I can share perf observed PMU counter numbers for comparison (memcpy into producer packet vs out of consumer packet) a bit later.

Thank you for sharing info. Let me check and get back to you.

Dear @jcui-nuro,
May I know if you used single or two Devkits to test the sample?
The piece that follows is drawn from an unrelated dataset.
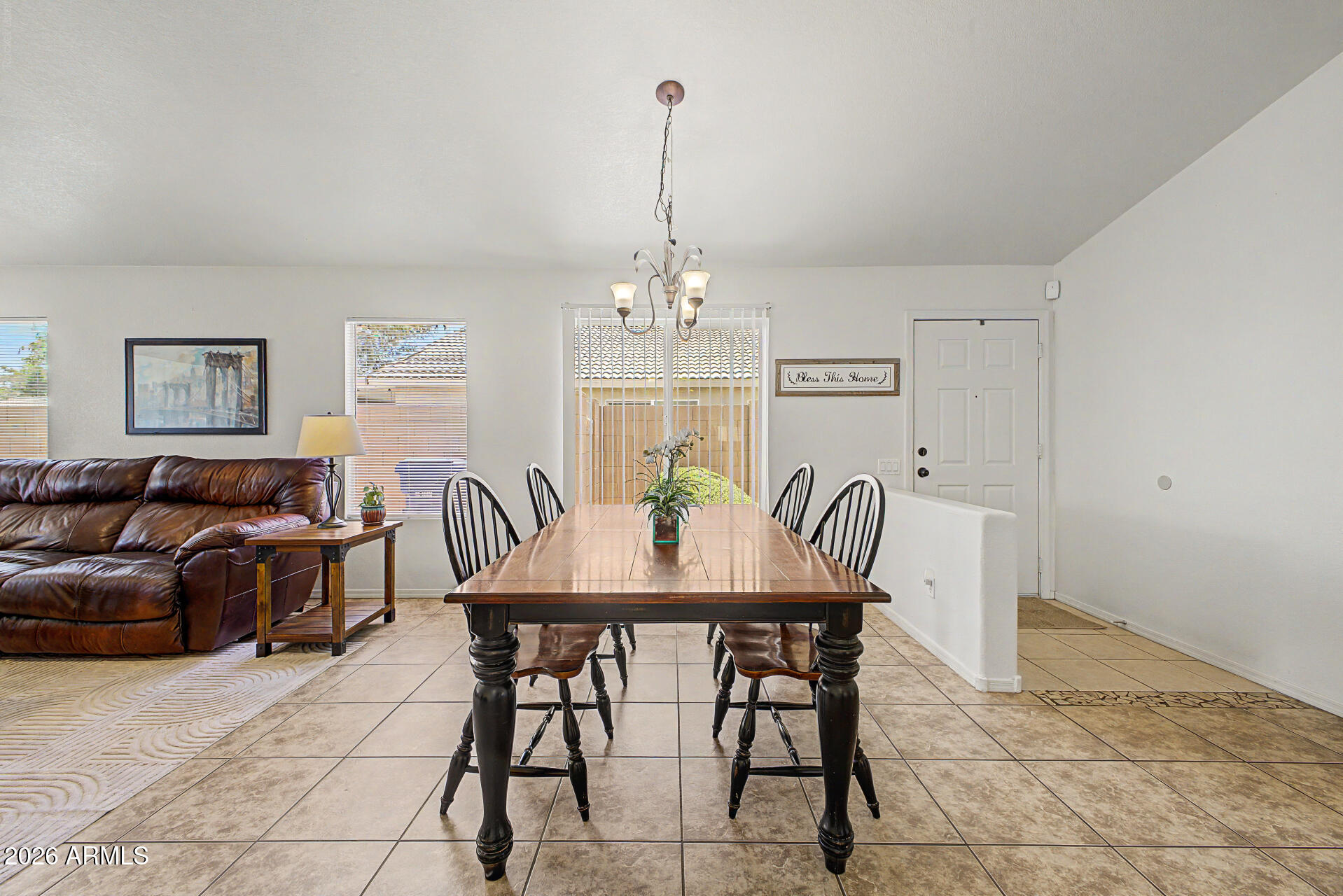 LAS PALMERAS WEST - Residential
Hi Siva, I used 2 DevKit. I don’t think NvSciIpc can initialize with c5/c6 transport names if it were a single DevKit.

Dear @jcui-nuro ,
Could you quickly test if below changes in perfconsumer.cpp helps to fix the issue

void PerfConsumer::setEndpointBufAttr(NvSciBufAttrList attrList)
{
    NvSciBufType bufType{ NvSciBufType_RawBuffer };
    NvSciBufAttrValAccessPerm perm{ NvSciBufAccessPerm_Readonly };
    // Disable cpu access for vidmem
    bool cpuaccess_flag{ testArg.vidmem ? false : true };

    bool enableCpuCache { true }; 

    NvSciBufAttrKeyValuePair bufAttrs[] = {
        { NvSciBufGeneralAttrKey_Types, &bufType, sizeof(bufType) },
        { NvSciBufGeneralAttrKey_RequiredPerm, &perm, sizeof(perm) },
        { NvSciBufGeneralAttrKey_NeedCpuAccess, &cpuaccess_flag,
            sizeof(cpuaccess_flag) },
        { NvSciBufGeneralAttrKey_EnableCpuCache, &enableCpuCache,
            sizeof(enableCpuCache) },
    };

Dear @jcui-nuro,
Did you get chance to test above suggestion. Any update can be provided?

Hello Siva,

As I understand the above code limits Consumer to ReadOnly and enabled CPU caching. I tested it on Drive OS 6.0.10 and the poor performance numbers persist.

Does that mean you don’t see any improvement?

Correct

Is it tested with DRIVE OS 6.0.10 or 6.0.8.1?

Hi Siva - it’s tested on 6.0.10 dual Orins.